● **Source data**
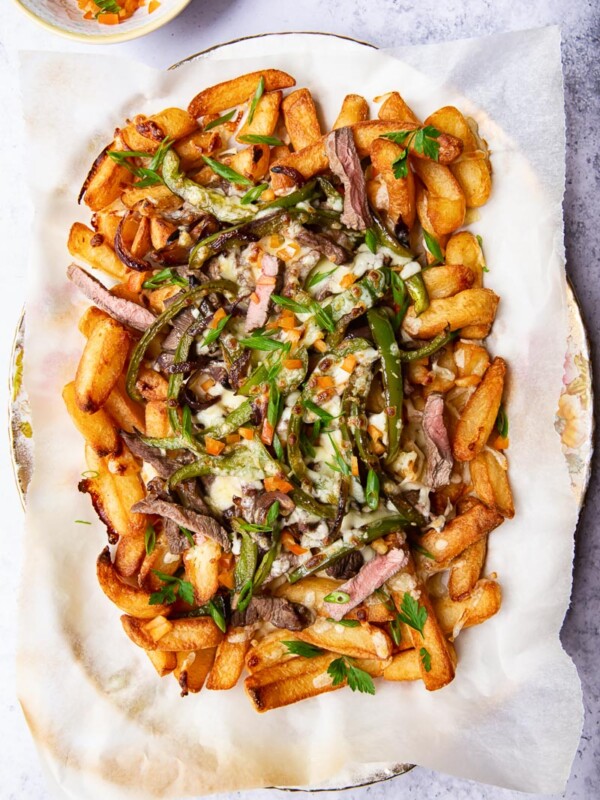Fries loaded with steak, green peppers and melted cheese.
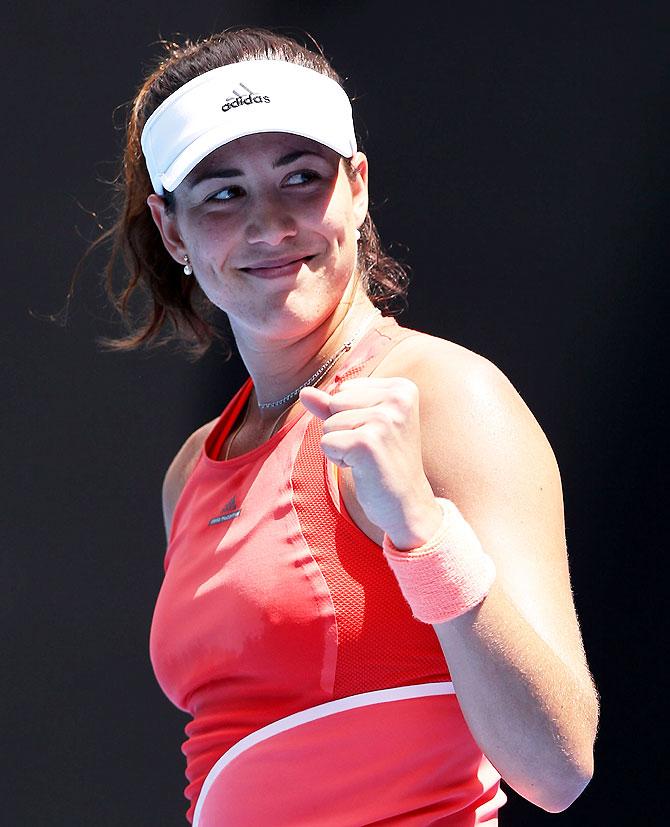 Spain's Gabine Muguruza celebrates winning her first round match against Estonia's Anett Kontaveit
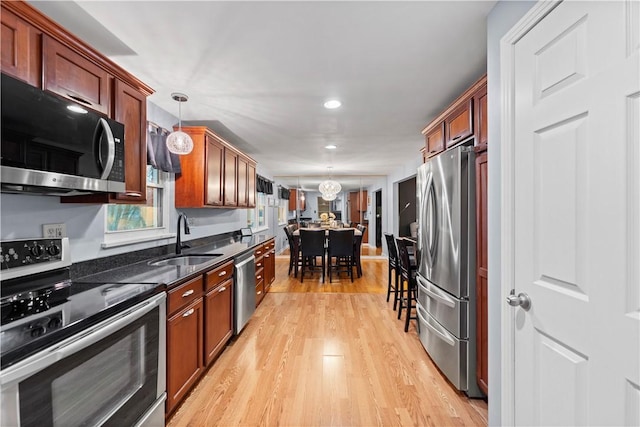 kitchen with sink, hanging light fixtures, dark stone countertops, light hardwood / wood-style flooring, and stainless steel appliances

● **What the task asks**
Keep the pictures out of your copy. Copy only the lines from the line that holds "Spain's Gabine Muguruza" through the last line of the listing above, both included.

● **Written answer**
 Spain's Gabine Muguruza celebrates winning her first round match against Estonia's Anett Kontaveit
 kitchen with sink, hanging light fixtures, dark stone countertops, light hardwood / wood-style flooring, and stainless steel appliances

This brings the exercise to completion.